5. Advances in CDR Mapping Technology
Trained investigators like Detective O’Daniel now utilize, and rely upon,
programs like Trax to generate maps based on the CDR data they have
20 obtained and now have additional resources available to them like NDCAC,
discussed above, which allow them to fill in information not contained in CDR
data. These technological advancements invite renewed Daubert analysis by
our Courts.
Detective O’Daniel appropriately limited his presentation to not show
precise locations of any of the mapped cell phones but only showed the sector
of coverage, designated by Trax, corresponding to each call routed through
each tower’s location. In this case, Detective O’Daniel stated he only used Trax
as “a shortcut” to manually mapping the raw data and as a means of
identifying the location of one cell tower whose coordinates were not contained
in the raw data received from the service provider. Hollingsworth’s expert noted
the one tower’s location was missing from the CDR produced by the provider,
but we can find no prejudice to Hollingsworth given his expert acknowledged
during cross examination that the tower’s coordinates were available but that
he did not contact the provider himself to inquire. Otherwise, Hollingsworth’s
expert’s mapping did not vary in any observably significant manner from that
provided by Detective O’Daniel.
In this case however, Hollingsworth did not assert a Daubert challenge,
in name or in substance, questioning the reliability of Trax or NDCAC as
evidentiary tools to the extent they were utilized by Detective O’Daniel. To date,
neither the use nor reliability of Trax or NDCAC has been specifically analyzed
in Kentucky and we make no decision within this opinion regarding their
efficacy under KRE 702.
21 6. The Trial Court Did Not Err in Allowing Detective O’Daniel’s Testimony
On the narrow issue of Detective O’Daniel’s training, the specifics of his
training were disclosed in his curriculum vitae and supported the trial court’s
determination that Detective O’Daniel would qualify as an expert in this field as
necessary. This Court has not otherwise been shown any reason to doubt that
pronouncement and the trial court did not abuse its discretion in its
determination.
Furthermore, Detective O’Daniel’s opinions and mapping were tendered
sufficiently in advance of trial to allow for review by Hollingsworth’s own expert
and preparation of cross-examination by his counsel. Neither the quality of
Detective O’Daniel’s training nor the results of his mapping techniques were
brought into question by Hollingsworth.
Despite having retained and declared his own CDR expert,
Hollingsworth’s motion to the trial court did not contain any affidavit or
supporting report describing how the Commonwealth had prejudiced him by
not specifically identifying Detective O’Daniel as an expert despite providing his
curriculum vitae, or more importantly, what necessary additional information,
data or opinions the Commonwealth should have provided to Hollingsworth
about Detective O’Daniel in addition to that which it had tendered in discovery.
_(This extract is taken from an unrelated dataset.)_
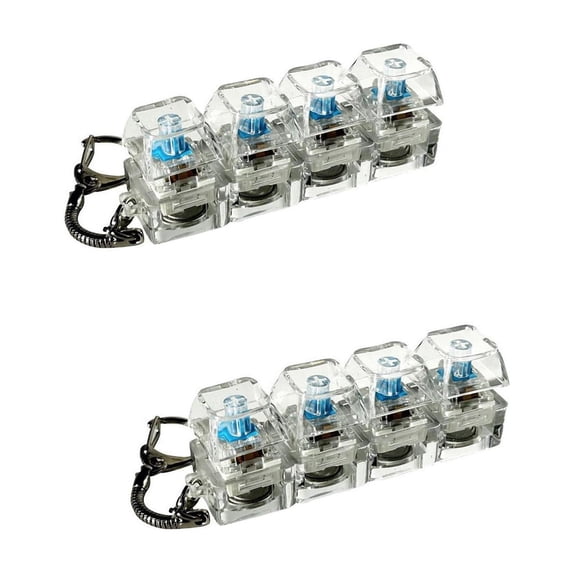 Horivan Mini Mechanical Keyboard Keychain Stress Relief Toy with Blue LED Lights Portable Fidget Sensory Gadget for Office Desk Anxiety Relief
As to Detective O’Daniel’s opinions, the information, data, and mapping
the Commonwealth provided in discovery prior to trial were wholly sufficient to
give Hollingsworth, his counsel and his own expert, the knowledge of Detective
O’Daniel’s utilization of Trax and the results of, and conclusions to be drawn 22 from, his mapping. The information provided was utilized effectively by
Hollingsworth in his cross examination of Detective O’Daniel and was reflected
in the testimony of his own expert. We are not otherwise persuaded that the
totality of Detective O’Daniel’s disclosures would not have been in accord with
RCr 7.24(1)(c) had that, in fact, been the issue before the trial court.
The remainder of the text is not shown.